Estava a pensar na reunião do Conselho de Estado que ontem ocupou o Presidente da República. Aceitando de barato a agenda tornada pública, mais ou menos validada por dois membros da simpática sinecura que se dedicam à atividade bem mais lucrativa e prestigiante do comentário político em canal televisivo de sinal aberto, ter-se-á discutido o Portugal do pós-troika, o destino a dar ao pouco que sobrará da chacina financeira em curso .
Para visionar esse futuro, a um ano e picos de distância, se tudo correr como previsto - o que seria extraordinário, pois nos últimos dois anos nada do que a troika e o Governo programaram veio a acontecer, a não ser a espoliação generalizada dos bens dos cidadãos - temos sentado numa das 19 cadeiras reservadas a cérebros da Nação, aceites em Belém, um brilhante neurologista.
Estou a referir-me a João Lobo Antunes, especialista em hipotálamo e hipófise.
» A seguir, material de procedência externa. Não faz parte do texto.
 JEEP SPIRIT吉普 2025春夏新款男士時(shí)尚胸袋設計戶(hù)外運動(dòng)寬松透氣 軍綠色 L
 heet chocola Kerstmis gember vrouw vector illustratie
Esta glândula, não sei se o leitor sabe, é uma das responsáveis pelo crescimento e secreção do leite através das mamas.
Talvez seja essa a última esperança de Cavaco Silva, talvez espere que dali venha uma ideia qualquer para o País voltar a fornecer-se numa teta generosa, como fez cinco séculos nas colónias e 25 anos na União Europeia.
A não ser esse eventual milagroso contributo, muito duvidoso, não vejo nas competências dos restantes conselheiros algo que possa motivar ao Presidente, em particular, e ao cidadão, em geral, uma remota possibilidade de vislumbrar um futuro qualquer, quanto mais um futuro melhor.
Talvez se um astrólogo ocupasse uma daquelas cadeiras - no meio dos juristas, gestores, militares, economistas, poetas, médicos e políticos que lá estão - essa discussão sobre o futuro pudesse fazer algum sentido. Assim, trata-se de um exercício teórico estimável mas certamente pueril.
(Aparte: não há um único engenheiro no Conselho de Estado! Certamente não deve fazer falta ao futuro ter ali alguém que saiba construir coisas que se vejam.)
Porque estou tão cético? Bom, amanhã , dia 22 de maio de 2013, temos a certeza que ainda há Governo? Temos a certeza que ainda há euro? E União Europeia? E já nem lhe pergunto sobre o seu futuro pessoal, caro leitor ou leitora...
Dar palpites sobre o pós-junho de 2014 é, hoje, face à realidade concreta, um ato grotesco, é alimentar a ilusão de que estamos a resolver os problemas quando, manifestamente, os agravamos. Essa ilusão, essa finta à realidade que o Presidente e os conselheiros ontem, se mais nada se passou, exercitaram, não serve o País, nem hoje nem no hipotético futuro.